Las resoluciones administrativas ¿tienen eficacia de cosa juzgada en un litigio civil?

La respuesta a esta cuestión nos las ofrece la Sala de lo Civil del Tribunal Supremo, que en sentencia de 5 de mayo de 2016 nos enseña que “las resoluciones administrativas no tienen eficacia de cosa juzgada en un litigio civil. Con carácter general, su trascendencia se limita a que el relato de hechos que se contiene en la misma tiene un valor probatorio que debe ser ponderado junto al resto de las pruebas practicadas en el proceso.
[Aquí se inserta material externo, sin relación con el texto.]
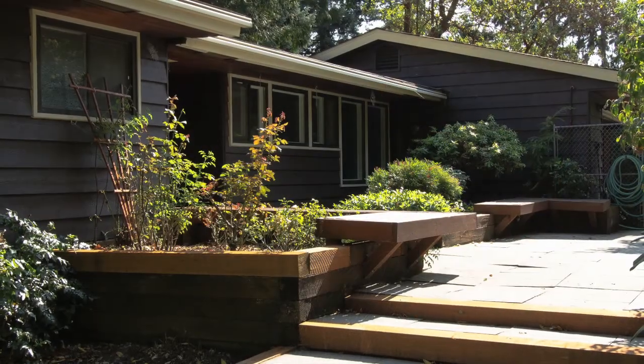I'm Brian Ross, the listing agent for this home. Welcome to this custom-built home, built in 1953. This home offers many of the amenities associated with mid-century modern homes.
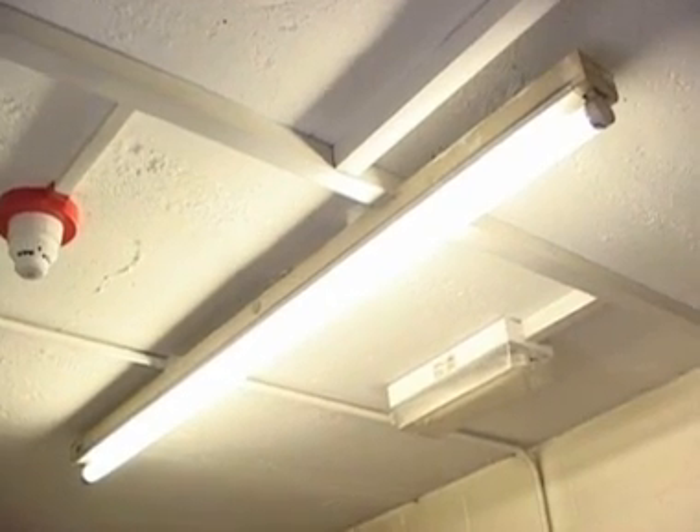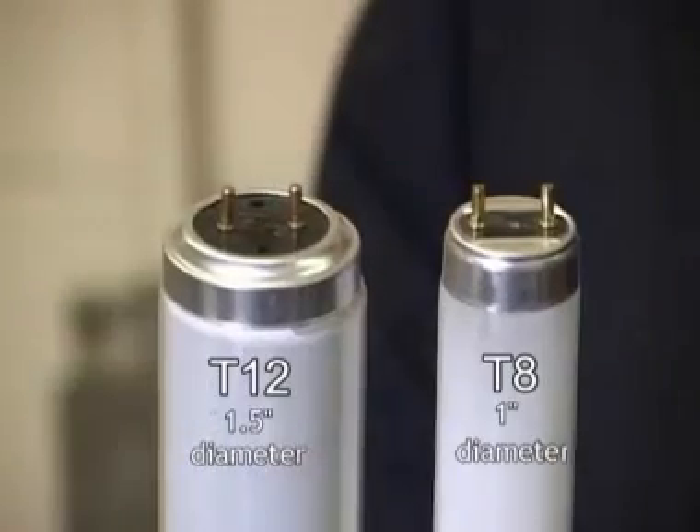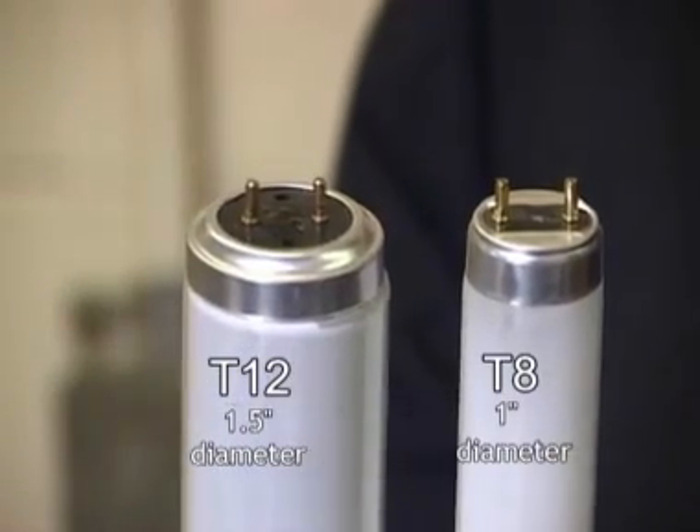Fluorescent tube lighting is the workhorse of industry and commerce, installed absolutely everywhere. Here we have a T12 fluorescent fitting, a slightly thicker diameter. These can be changed with a thinner diameter, 1-inch thick fluorescent tubes. These save you 10% of your energy costs, yet they cost the same to purchase.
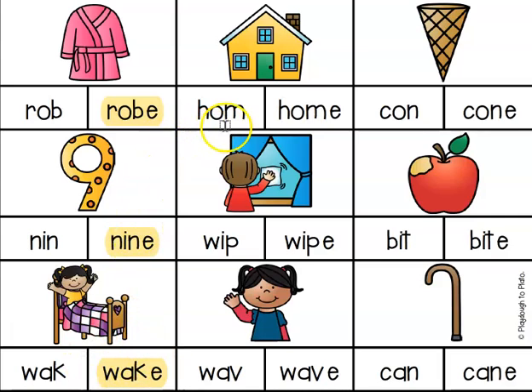Let's try the next one — home. Again, I'm listening and I hear that long vowel sound, the O saying its name. So I know it's going to have a magic E at the end to make the O say its name.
En línea con lo declarado por las sentencias de esta la Sala 23/2012, de 26 de enero, y 532/2013, de 19 septiembre, puede afirmarse que el art. 222.4 de la Ley de Enjuiciamiento Civil se refiere a sentencias firmes dictadas por órganos de la jurisdicción civil cuando se trata de definir relaciones jurídicas de tal carácter, por lo que difícilmente puede atribuirse efectos de cosa juzgada, siquiera como prejudicial, a lo decidido por otras jurisdicciones, y menos aún por los órganos administrativos.”
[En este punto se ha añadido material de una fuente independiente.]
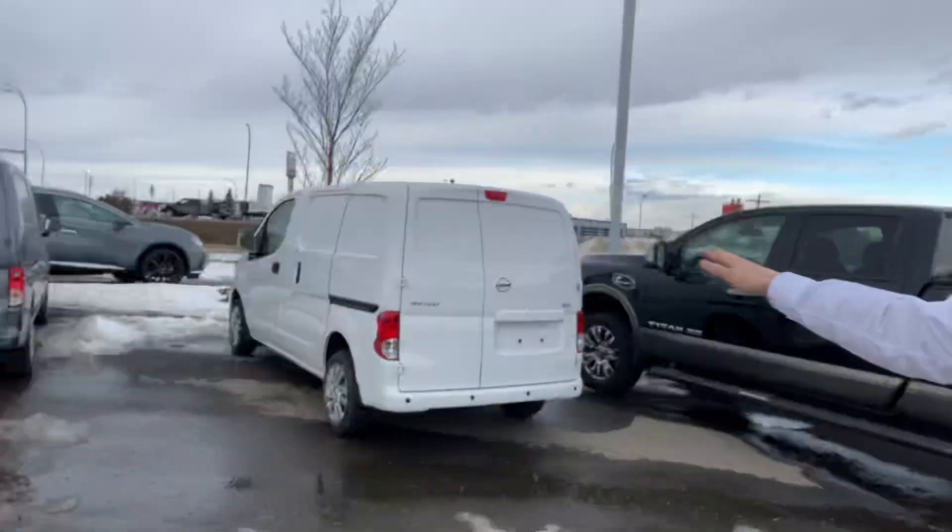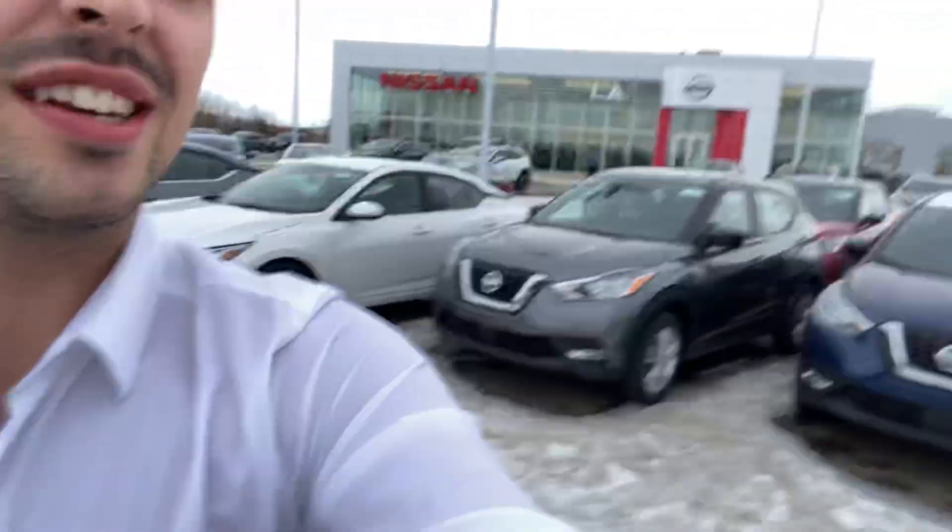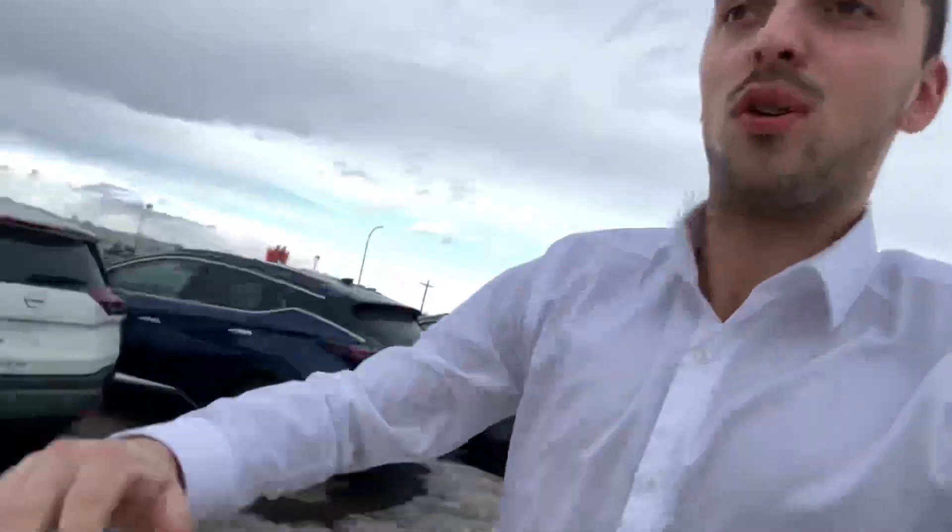Hello, it's Austin here with LA Nissan. I just wanted to step in front of the camera and go on a little run with you to show you all the amazing options we've got — vans, SUVs, sedans, tiny SUVs — we even have tons of pre-owned inventory.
Añade el alto Tribunal que “La circunstancia de que los hechos enjuiciados hayan sido objeto de un proceso ante otra jurisdicción no impide a los órganos del orden jurisdiccional civil examinarlos bajo el prisma del ordenamiento civil, ni les impone aceptar las conclusiones obtenidas en un proceso de distinta naturaleza en aras del principio de seguridad jurídica. Entre las más recientes, la sentencia del Tribunal Constitucional núm. 192/2009, de 28 de septiembre , fija la doctrina de dicho tribunal sobre este extremo, declarando: «Este Tribunal ha reiterado que la existencia de pronunciamientos contradictorios en las resoluciones judiciales de los que resulte que unos mismos hechos ocurrieron y no ocurrieron no sólo es incompatible con el principio de seguridad jurídica ( art. 9.3 CE), sino también con el derecho a la tutela judicial efectiva ( art. 24.1 CE), pues no resultan compatibles la efectividad de dicha tutela y la firmeza de los pronunciamientos judiciales contradictorios (por todas, STC 60/2008, de 26 de mayo, F. 9). Igualmente se ha destacado que en la realidad histórica relevante para el Derecho no puede admitirse que unos hechos existen y dejan de existir para los órganos del Estado, pues a ello se oponen principios elementales de lógica jurídica y extrajurídica, salvo que la contradicción derive de haberse abordado unos mismos hechos desde perspectivas jurídicas diversas (por todas, STC 109/2008, de 22 de septiembre, F. 3).”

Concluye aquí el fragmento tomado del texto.